Senate debates

Tuesday, 16 June 2020

Adjournment

Women

7:35 pm

Photo of Claire ChandlerClaire Chandler (Tasmania, Liberal Party) Share this | Hansard source

Many Australians would have been shocked in recent weeks to hear about our top science body asserting that anyone who identifies as a woman is a woman, or to see in the media the abuse JK Rowling has received online for stating simple facts about the female sex. I was less shocked than others to read about these developments. Just a few weeks earlier, I'd received an answer to a question I'd asked Sport Australia at Senate estimates earlier this year. I asked them:

For the purposes of supporting, promoting, encouraging and making policy with regard to women's sport, how does Sport Australia define the term 'woman'?Sport Australia's written response, received three months later was:

Sport Australia has not defined the term 'woman'.

The reason I asked Sport Australia this question is that they have developed a set of guidelines for the inclusion of transgender and gender diverse people in sport, along with the Australian Human Rights Commission. Parents, competitors, sporting administrators, women's groups and constituents from across Australia were taken aback by the tone and implication of these guidelines and a suggestion that participation in sport should be based on a person's affirmed gender identity and not the sex they were assigned at birth. Given that men's and women's sports specifically exist to cater for the biological differences between the two sexes, this pronouncement by Australia's peak sports body is troubling.

During Senate estimates both Sport Australia and the AHRC refused point blank to name the organisations they consulted with as part of developing these guidelines. When I queried them about the practical implications of the suggestions in the guidelines, both organisations were evasive. When I asked the acting CEO of Sport Australia if he thought young girls might be deterred from playing sport if they are competing against males, he replied, 'I don't have an opinion on that.' It's quite extraordinary that an agency would release a 50-page document suggesting that you don't have to be a woman to play women's sport and not have turned your mind to what that means for women.

When I asked the Sex Discrimination Commissioner about people of the opposite sex using women's and girls' change rooms, she told me that she didn't accept the premise of my question and that the act contained location-specific exemptions supporting single-sex toilets and change rooms. Two months later, in response to a written request on notice, Ms Jenkins corrected the record to say that there is no such exemption to provide for female- or male-only change rooms and toilets in the Sex Discrimination Act. For obvious reasons of privacy and safety, many Australians do not want themselves or their children to have to share change rooms or toilets with the opposite sex.

We've seen in the last week JK Rowling very eloquently explain the very real and very genuine concerns when it comes to single-sex spaces, speaking from her own experience as a woman and a victim of abuse. The vile abuse and threats which Ms Rowling has received for speaking out on these issues is disgraceful and highlights why many women are afraid to speak out on this issue despite the vast majority agreeing with Ms Rowling's point of view. Women's sport, single-sex change rooms and toilets, women's health services, and women's refuges and shelters are all clear examples of services which are designed to cater for a specific sex, with very good reason.

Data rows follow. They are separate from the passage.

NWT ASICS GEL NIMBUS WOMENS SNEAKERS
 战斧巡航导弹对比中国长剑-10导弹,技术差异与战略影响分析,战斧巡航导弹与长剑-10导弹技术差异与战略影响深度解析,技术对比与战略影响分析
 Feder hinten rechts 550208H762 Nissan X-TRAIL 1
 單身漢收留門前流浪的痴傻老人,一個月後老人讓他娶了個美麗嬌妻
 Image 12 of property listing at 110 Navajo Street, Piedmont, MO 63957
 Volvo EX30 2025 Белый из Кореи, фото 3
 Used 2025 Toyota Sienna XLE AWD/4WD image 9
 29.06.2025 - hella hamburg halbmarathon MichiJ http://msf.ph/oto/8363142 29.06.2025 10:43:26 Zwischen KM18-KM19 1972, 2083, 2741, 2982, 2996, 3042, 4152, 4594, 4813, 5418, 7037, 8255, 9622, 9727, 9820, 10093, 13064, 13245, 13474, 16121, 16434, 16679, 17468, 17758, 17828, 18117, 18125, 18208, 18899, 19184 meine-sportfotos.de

But look at how the institutions, which we should be able to trust to understand the importance of differences between the sexes, are acting. Sport Australia has no opinion on what a woman is. The Australian Academy of Science says that if you say you're a woman, then you are. The Australian Human Rights Commission confirms that sporting clubs can have legal action taken against them for keeping a male out of female change rooms.

The Australian people never voted for these scenarios and in most cases don't even know this is possible under our antidiscrimination legislation. Most Australians would be shocked to know that women may have to share change rooms with a person with male genitalia. They'd be very uncomfortable with an Australian female athlete missing out on an Olympic medal because they were defeated by a transgender athlete who was born male. They'd be appalled if a male sex offender was housed in a women's prison due to their gender identity. Far from being inclusive, replacing sex with gender risks denying Australian women the right to single-sex services which play a vital and necessary role in our society. I stand with JK Rowling and millions of women around the world who are determined to ensure our rights as women are not traded off in the name of diversity.